Monday, September 18th
I got an early start and did a bit more work by my wifi window before taking off. I had another big decision to make this morning. There is a legendary motorcycle ride called the Cabot Trail on the NE corner of Nova Scotia. If you ride a motorcycle to the province you have to ride it.
After two delays in getting my new tire, I was becoming increasingly worried about the amount of tread I had remaining. Taking the ride would add a little over 500 miles to my route. Would a third delay be costly? I was not going to find out. As I’ve said often…Next trip.
There were some other Hank Snow related stops I would have liked to make, but I was beginning to feel a bit pressed for time. I only made one stop on my was out: A place called Cosby’s, which was highly recommended by Vernon the previous day.
The same sculptor who made the Hank Snow statue has a garden center where you can walk right in and see his creations.
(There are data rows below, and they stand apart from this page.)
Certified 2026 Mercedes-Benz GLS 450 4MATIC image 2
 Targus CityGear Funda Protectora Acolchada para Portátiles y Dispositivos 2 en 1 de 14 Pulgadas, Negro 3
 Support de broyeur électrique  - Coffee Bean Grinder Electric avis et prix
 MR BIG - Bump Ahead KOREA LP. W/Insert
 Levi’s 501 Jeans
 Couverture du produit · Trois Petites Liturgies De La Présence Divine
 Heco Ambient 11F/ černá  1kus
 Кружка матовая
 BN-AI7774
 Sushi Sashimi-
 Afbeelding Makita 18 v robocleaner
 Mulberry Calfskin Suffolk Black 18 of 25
These sculptures are actually concrete, a unique medium.
I thought it was very good art. The figures are artistically haphazard, but they are true to form and proportion.
Not the last jam session in this post. 🙂
The day was mostly uninspiring, save for a free coffee at McDonald’s in Tantallon. I was wanting to make some progress, so I did not stop often.
I was feeling “experience saturated.” So much had happened in the past week. I was still trying to process and document my Schefferville experience, then the Hank Snow museum happened….All great things, but I was feeling like I could not write as quickly as I could experience.
Accordingly, I resolved myself to having a quiet night filled with mundane actions and an ample number of words typed.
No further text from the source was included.